Start of Records supplied

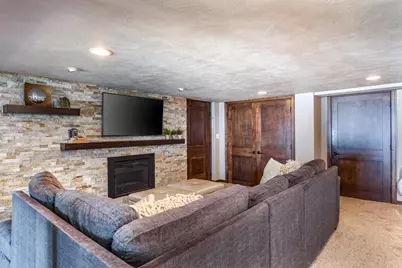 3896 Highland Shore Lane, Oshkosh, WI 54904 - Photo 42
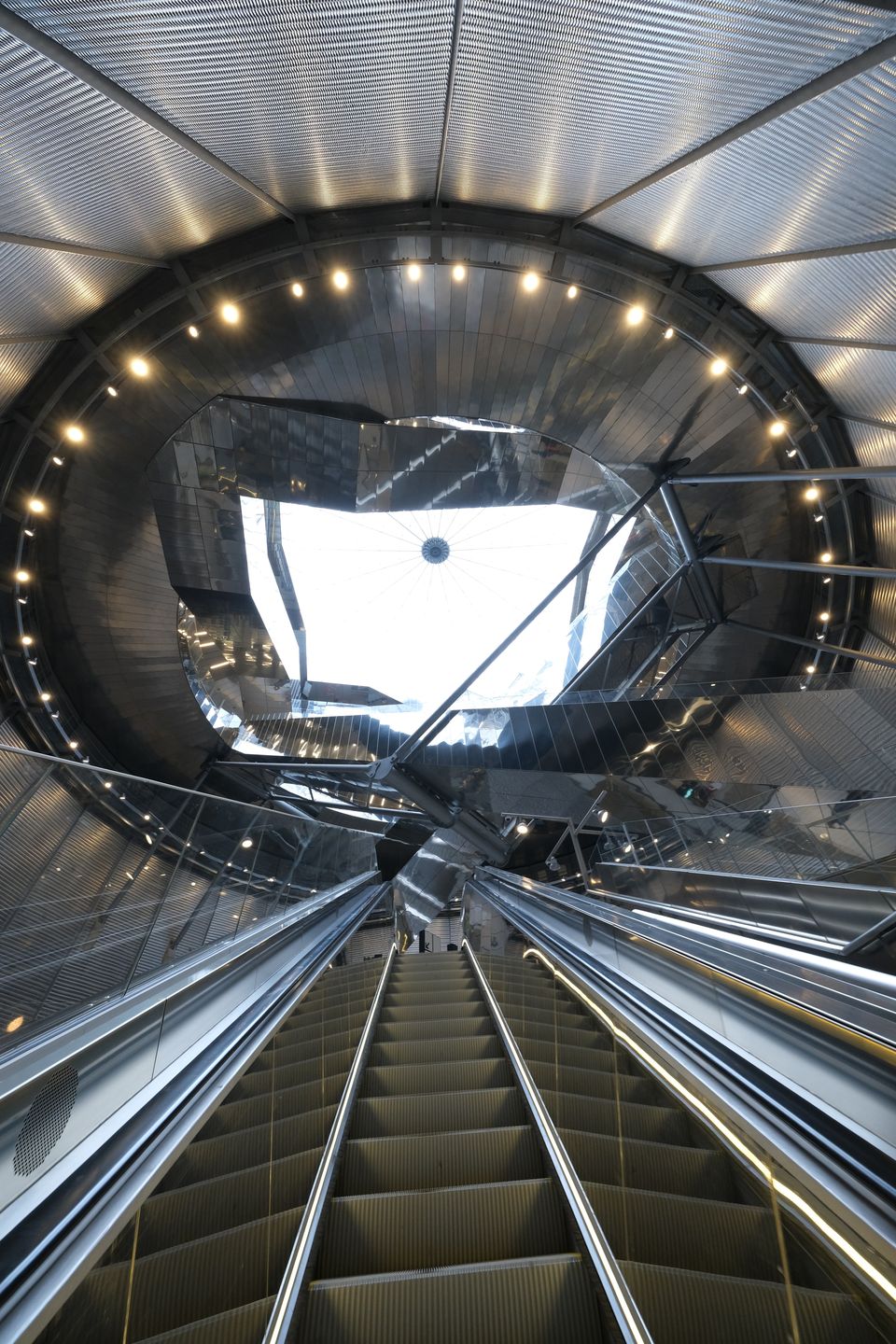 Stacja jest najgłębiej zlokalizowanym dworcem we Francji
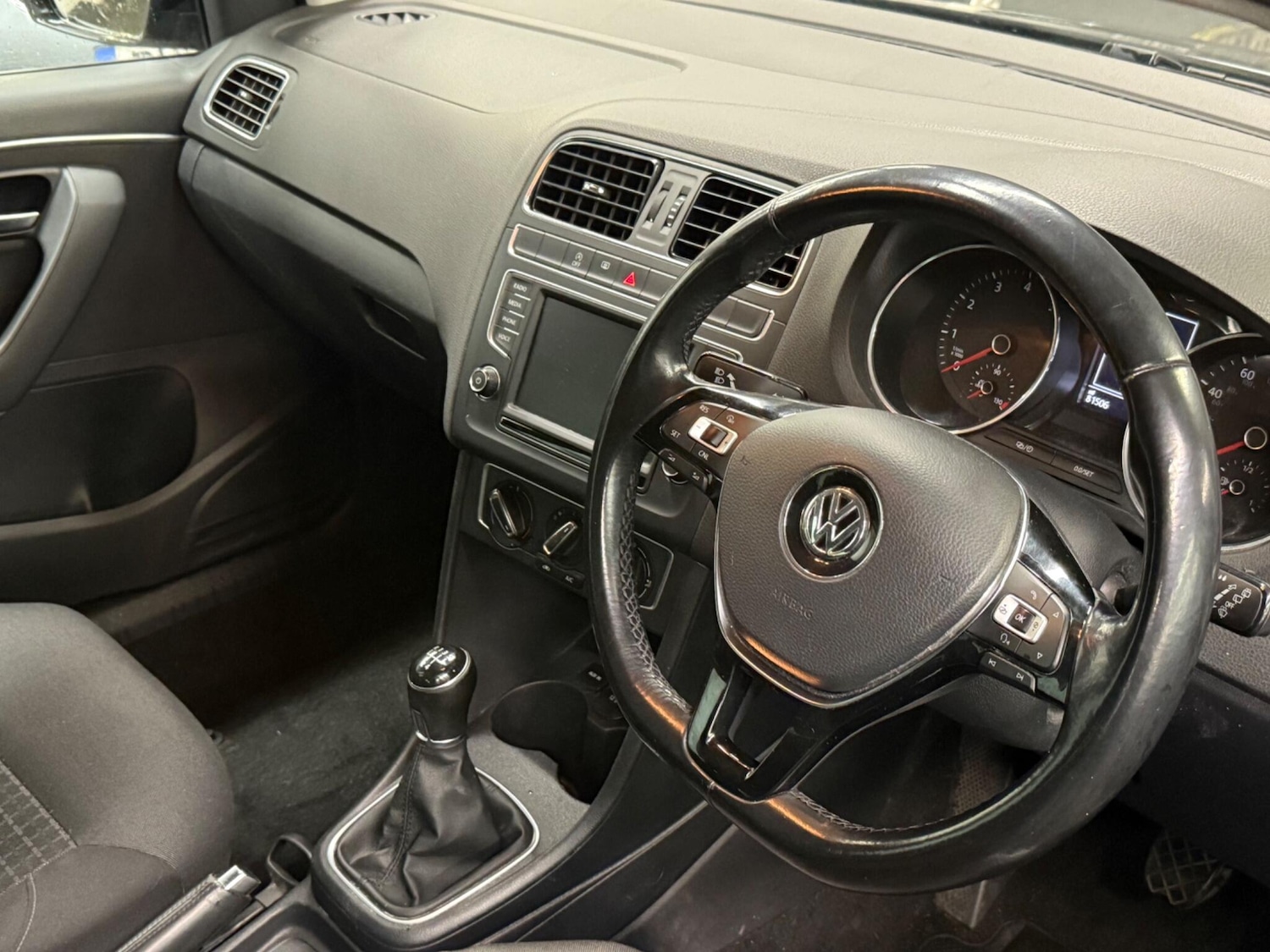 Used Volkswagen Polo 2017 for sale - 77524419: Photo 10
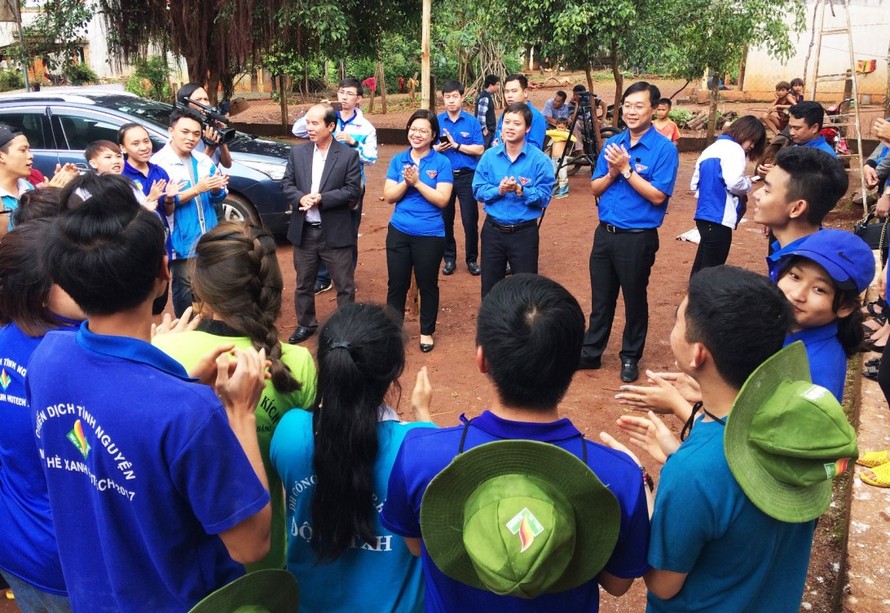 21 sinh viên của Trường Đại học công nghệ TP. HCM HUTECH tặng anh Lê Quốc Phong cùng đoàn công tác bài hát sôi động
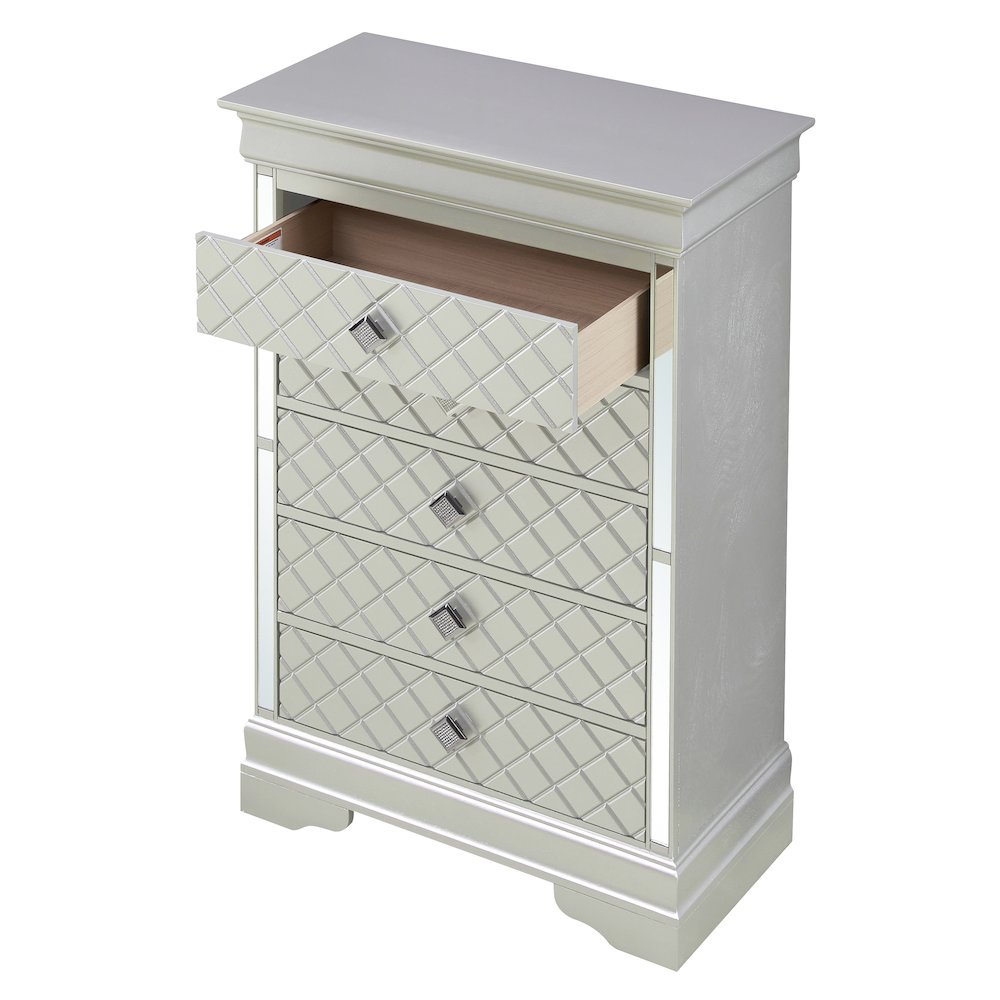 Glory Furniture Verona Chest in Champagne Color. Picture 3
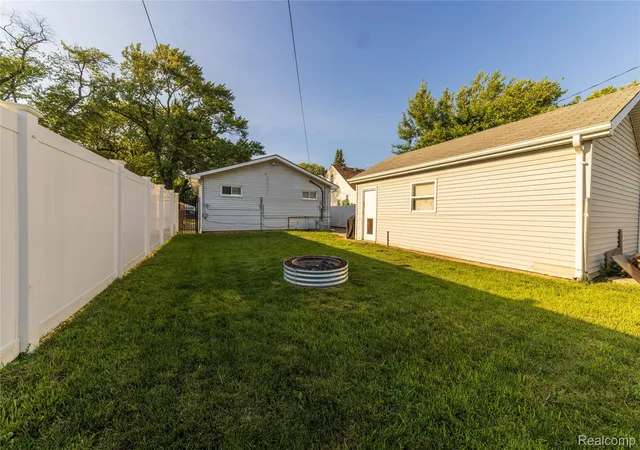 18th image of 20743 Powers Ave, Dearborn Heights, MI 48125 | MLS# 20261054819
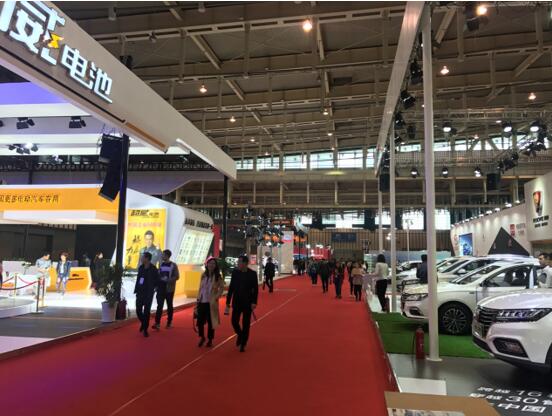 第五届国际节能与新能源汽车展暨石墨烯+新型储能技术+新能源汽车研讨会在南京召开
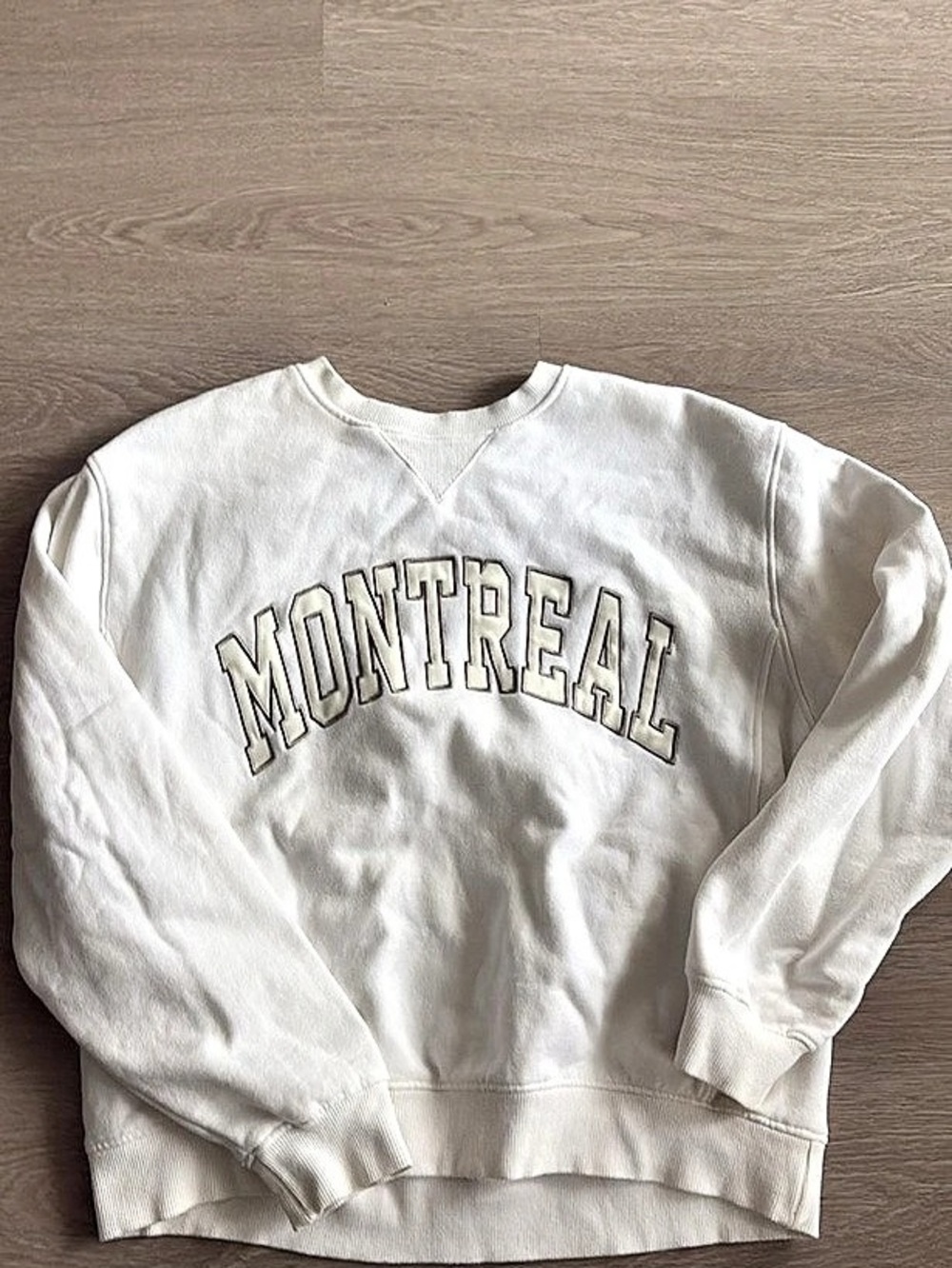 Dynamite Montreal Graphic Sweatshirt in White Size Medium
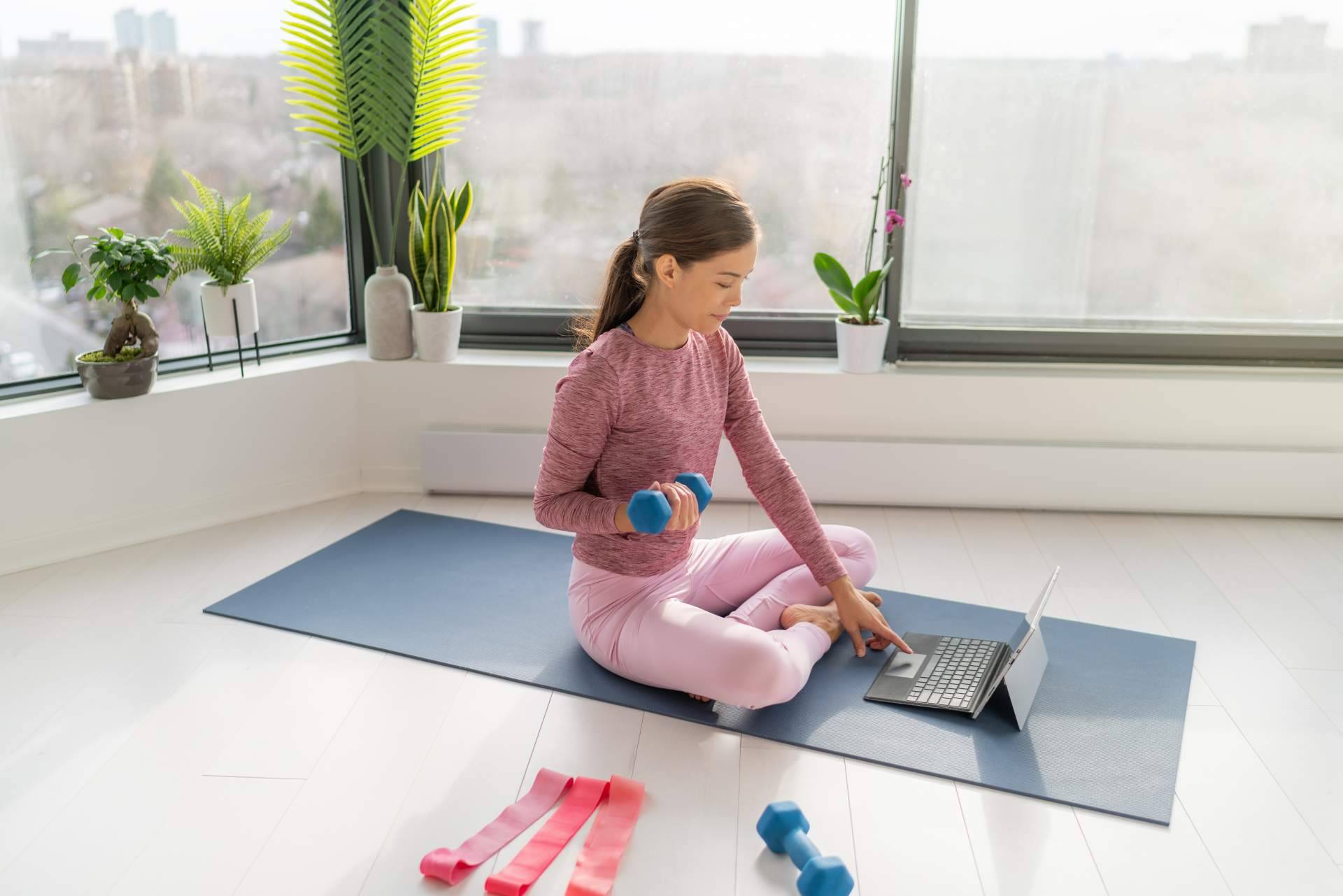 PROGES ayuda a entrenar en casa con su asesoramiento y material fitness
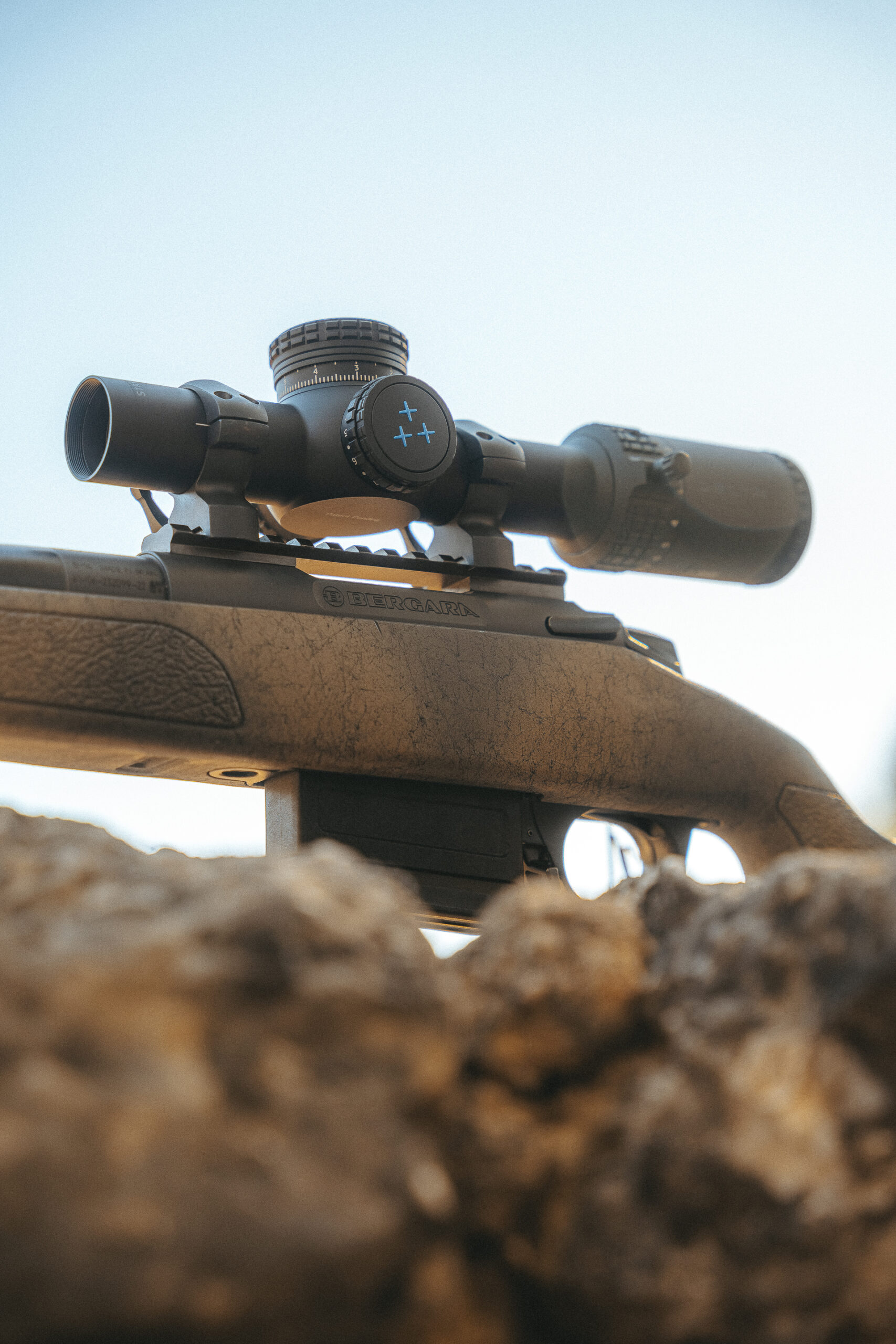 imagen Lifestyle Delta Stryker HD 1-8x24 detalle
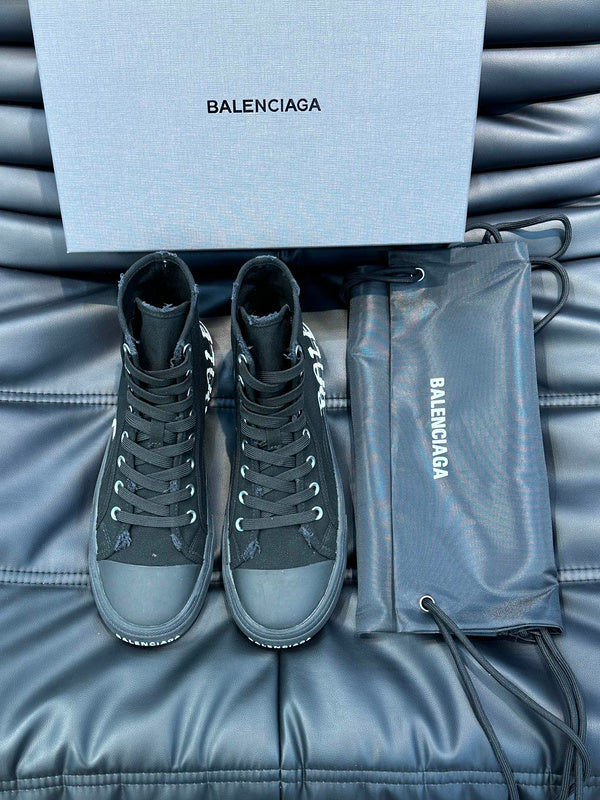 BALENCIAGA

End of Records supplied

Would you set down, word for word, the lines running from the one that contains "21 sinh viên" to the last line of the material, omitting all pictures?

 21 sinh viên của Trường Đại học công nghệ TP. HCM HUTECH tặng anh Lê Quốc Phong cùng đoàn công tác bài hát sôi động
 Glory Furniture Verona Chest in Champagne Color. Picture 3
 18th image of 20743 Powers Ave, Dearborn Heights, MI 48125 | MLS# 20261054819
 第五届国际节能与新能源汽车展暨石墨烯+新型储能技术+新能源汽车研讨会在南京召开
 Dynamite Montreal Graphic Sweatshirt in White Size Medium
 PROGES ayuda a entrenar en casa con su asesoramiento y material fitness
 imagen Lifestyle Delta Stryker HD 1-8x24 detalle
 BALENCIAGA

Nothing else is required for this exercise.